### Exercise details
Search the listing below for the string "with" and show each line that contains it.

### Dataset content

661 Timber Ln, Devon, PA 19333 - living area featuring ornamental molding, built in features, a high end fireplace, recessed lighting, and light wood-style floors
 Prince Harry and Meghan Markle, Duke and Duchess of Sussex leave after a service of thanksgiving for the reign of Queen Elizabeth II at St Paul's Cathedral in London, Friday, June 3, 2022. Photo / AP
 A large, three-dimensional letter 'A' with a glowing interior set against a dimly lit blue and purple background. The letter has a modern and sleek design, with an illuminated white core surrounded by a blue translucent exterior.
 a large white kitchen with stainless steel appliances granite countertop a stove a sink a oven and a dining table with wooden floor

### Your solution
 A large, three-dimensional letter 'A' with a glowing interior set against a dimly lit blue and purple background. The letter has a modern and sleek design, with an illuminated white core surrounded by a blue translucent exterior.
 a large white kitchen with stainless steel appliances granite countertop a stove a sink a oven and a dining table with wooden floor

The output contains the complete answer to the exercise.